— EXERCISE —
For the listing below, print exactly the lines from the line with "Escalera Aluminio 2" to the line with "Used Aigner Crystal", both included, and nothing beyond them.

— DATA SUPPLIED —
((

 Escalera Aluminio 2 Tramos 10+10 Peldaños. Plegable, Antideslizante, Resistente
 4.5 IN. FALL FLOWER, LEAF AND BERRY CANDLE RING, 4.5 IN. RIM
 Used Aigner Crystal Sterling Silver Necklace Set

))
((

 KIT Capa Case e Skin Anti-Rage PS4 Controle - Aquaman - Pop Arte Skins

))
((

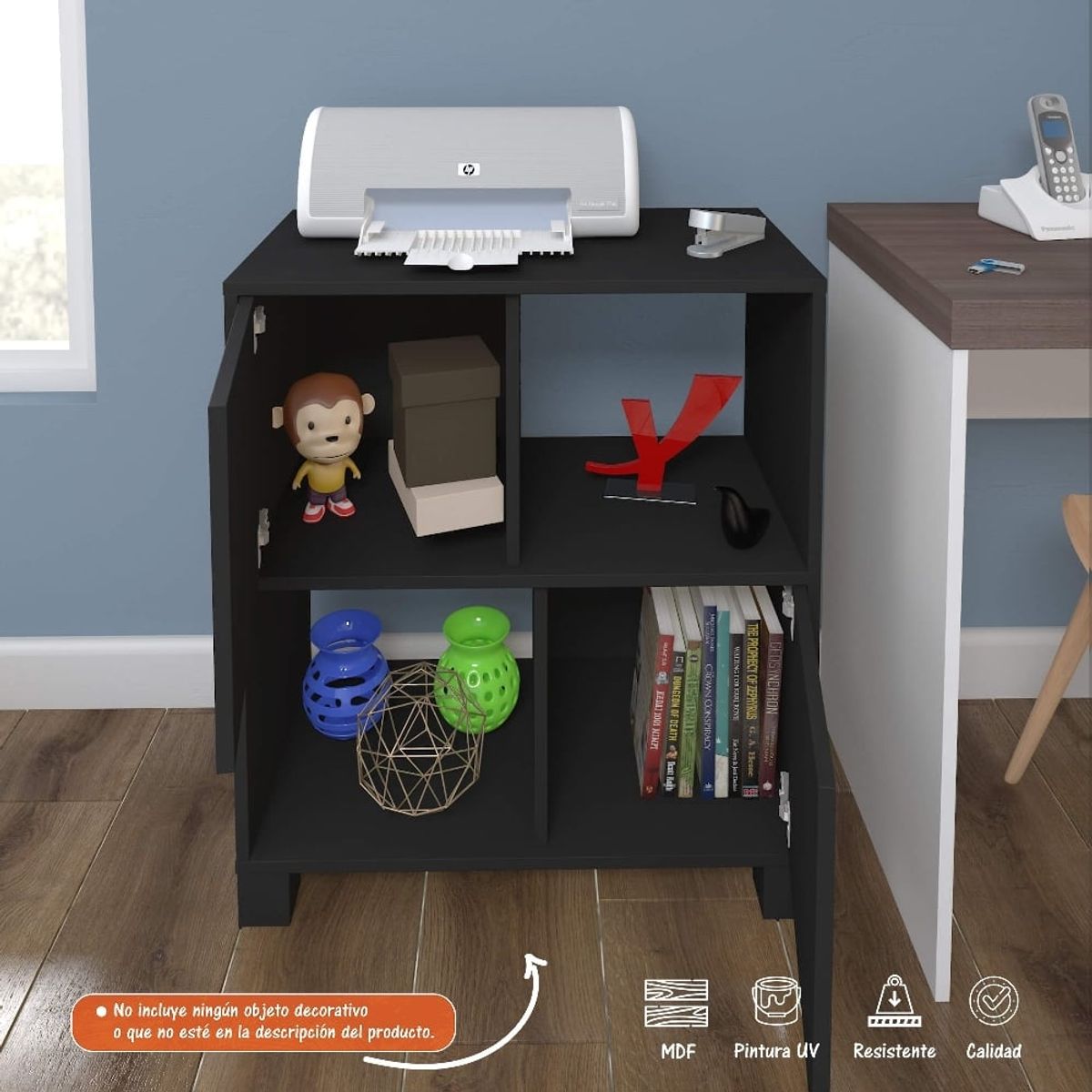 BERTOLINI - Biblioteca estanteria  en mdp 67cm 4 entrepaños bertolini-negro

))

— SOLUTION TO THIS PROBLEM —
 Escalera Aluminio 2 Tramos 10+10 Peldaños. Plegable, Antideslizante, Resistente
 4.5 IN. FALL FLOWER, LEAF AND BERRY CANDLE RING, 4.5 IN. RIM
 Used Aigner Crystal Sterling Silver Necklace Set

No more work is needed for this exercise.